= WHAT THE TASK REQUIRES =
Go through the entries below and count the lines holding the word "Black". Reply with only the number, please.

** DATASET ENTRIES follows **

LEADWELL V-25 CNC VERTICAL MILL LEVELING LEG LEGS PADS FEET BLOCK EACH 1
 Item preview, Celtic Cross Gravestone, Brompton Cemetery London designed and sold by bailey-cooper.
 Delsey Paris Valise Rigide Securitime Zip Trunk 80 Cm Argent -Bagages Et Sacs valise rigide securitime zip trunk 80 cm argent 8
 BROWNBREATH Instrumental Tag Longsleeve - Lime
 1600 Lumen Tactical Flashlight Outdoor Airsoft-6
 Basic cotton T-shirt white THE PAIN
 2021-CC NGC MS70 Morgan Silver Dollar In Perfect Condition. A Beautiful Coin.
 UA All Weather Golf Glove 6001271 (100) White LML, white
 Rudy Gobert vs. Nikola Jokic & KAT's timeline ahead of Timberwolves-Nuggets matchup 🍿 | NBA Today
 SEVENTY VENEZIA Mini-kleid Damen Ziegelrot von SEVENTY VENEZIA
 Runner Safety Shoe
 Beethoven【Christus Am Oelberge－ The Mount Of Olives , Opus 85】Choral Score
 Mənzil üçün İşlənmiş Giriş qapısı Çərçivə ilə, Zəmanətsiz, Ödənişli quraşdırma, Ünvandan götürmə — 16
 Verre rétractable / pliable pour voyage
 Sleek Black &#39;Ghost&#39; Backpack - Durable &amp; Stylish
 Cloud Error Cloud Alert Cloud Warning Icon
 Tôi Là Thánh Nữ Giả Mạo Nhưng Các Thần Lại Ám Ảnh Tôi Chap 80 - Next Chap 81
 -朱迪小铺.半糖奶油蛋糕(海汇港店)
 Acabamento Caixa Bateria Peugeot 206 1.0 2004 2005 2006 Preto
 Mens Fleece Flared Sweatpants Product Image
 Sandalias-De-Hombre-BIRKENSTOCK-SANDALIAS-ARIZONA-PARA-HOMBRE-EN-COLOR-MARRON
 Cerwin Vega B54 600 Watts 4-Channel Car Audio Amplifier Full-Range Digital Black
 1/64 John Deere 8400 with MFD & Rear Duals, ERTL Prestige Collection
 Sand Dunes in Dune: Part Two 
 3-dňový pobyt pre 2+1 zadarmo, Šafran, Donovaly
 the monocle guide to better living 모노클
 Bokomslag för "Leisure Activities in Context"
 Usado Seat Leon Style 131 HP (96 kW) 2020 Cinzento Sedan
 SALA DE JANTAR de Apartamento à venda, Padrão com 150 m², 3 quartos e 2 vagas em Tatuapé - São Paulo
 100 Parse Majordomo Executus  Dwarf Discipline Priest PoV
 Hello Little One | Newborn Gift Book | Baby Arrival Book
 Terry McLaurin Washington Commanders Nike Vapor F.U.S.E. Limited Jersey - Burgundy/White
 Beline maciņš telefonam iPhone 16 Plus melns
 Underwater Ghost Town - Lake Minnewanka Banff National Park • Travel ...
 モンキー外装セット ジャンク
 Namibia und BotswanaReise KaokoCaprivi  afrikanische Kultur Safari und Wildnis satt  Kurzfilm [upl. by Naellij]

** End of DATASET ENTRIES **

= RESPONSE AREA =
2